> [TASK INSTRUCTIONS]: Repeat the data exactly. Pictures stay out.

> [DATA EXCERPT]:
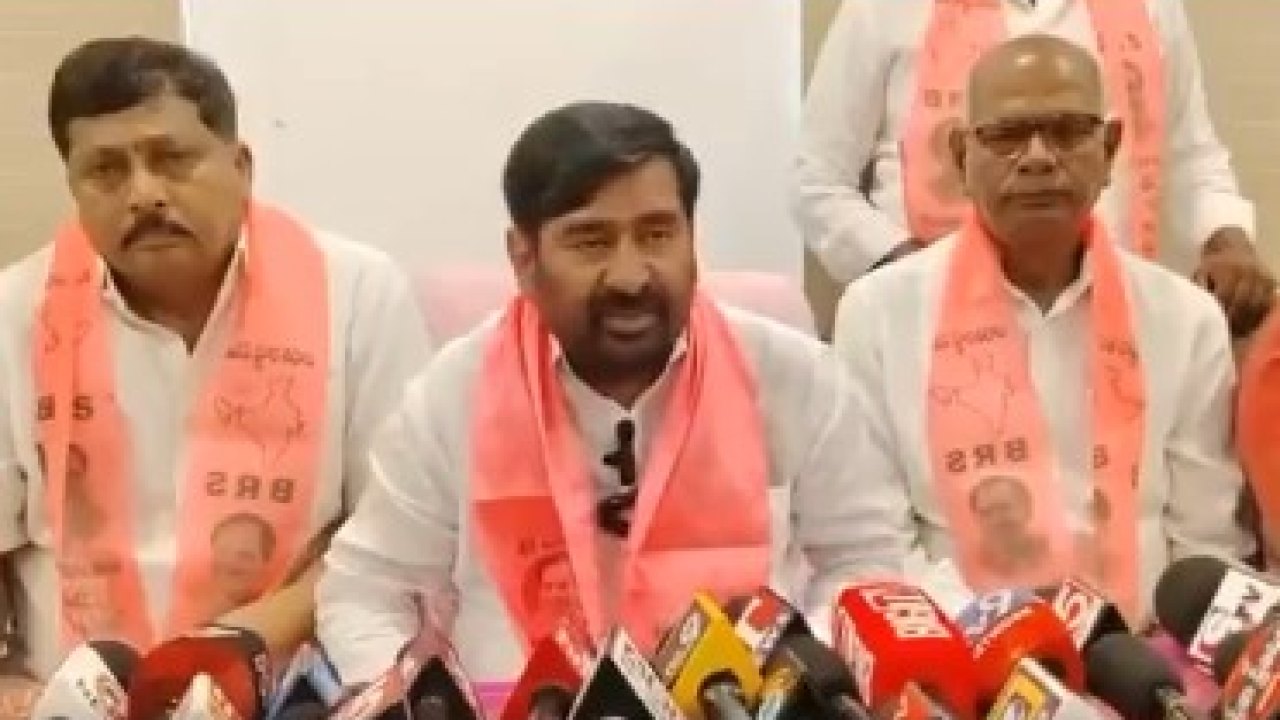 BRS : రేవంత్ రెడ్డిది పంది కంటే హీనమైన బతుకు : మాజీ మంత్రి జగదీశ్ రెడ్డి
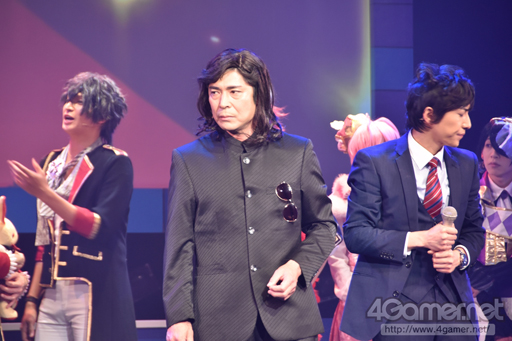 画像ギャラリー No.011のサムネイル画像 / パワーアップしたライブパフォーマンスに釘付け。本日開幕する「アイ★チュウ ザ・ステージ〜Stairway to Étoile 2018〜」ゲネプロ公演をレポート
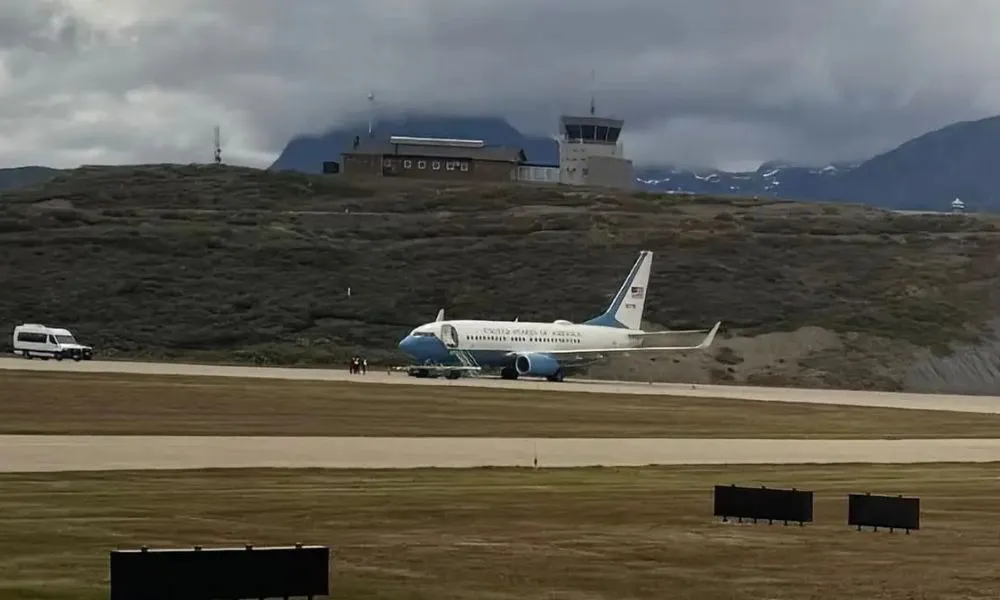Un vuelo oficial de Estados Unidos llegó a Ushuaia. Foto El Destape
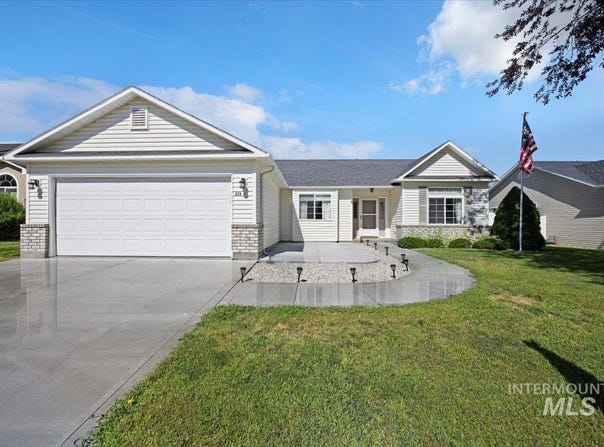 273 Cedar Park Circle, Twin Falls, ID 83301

> [WRITTEN SOLUTION]:
 BRS : రేవంత్ రెడ్డిది పంది కంటే హీనమైన బతుకు : మాజీ మంత్రి జగదీశ్ రెడ్డి
 画像ギャラリー No.011のサムネイル画像 / パワーアップしたライブパフォーマンスに釘付け。本日開幕する「アイ★チュウ ザ・ステージ〜Stairway to Étoile 2018〜」ゲネプロ公演をレポート
Un vuelo oficial de Estados Unidos llegó a Ushuaia. Foto El Destape
 273 Cedar Park Circle, Twin Falls, ID 83301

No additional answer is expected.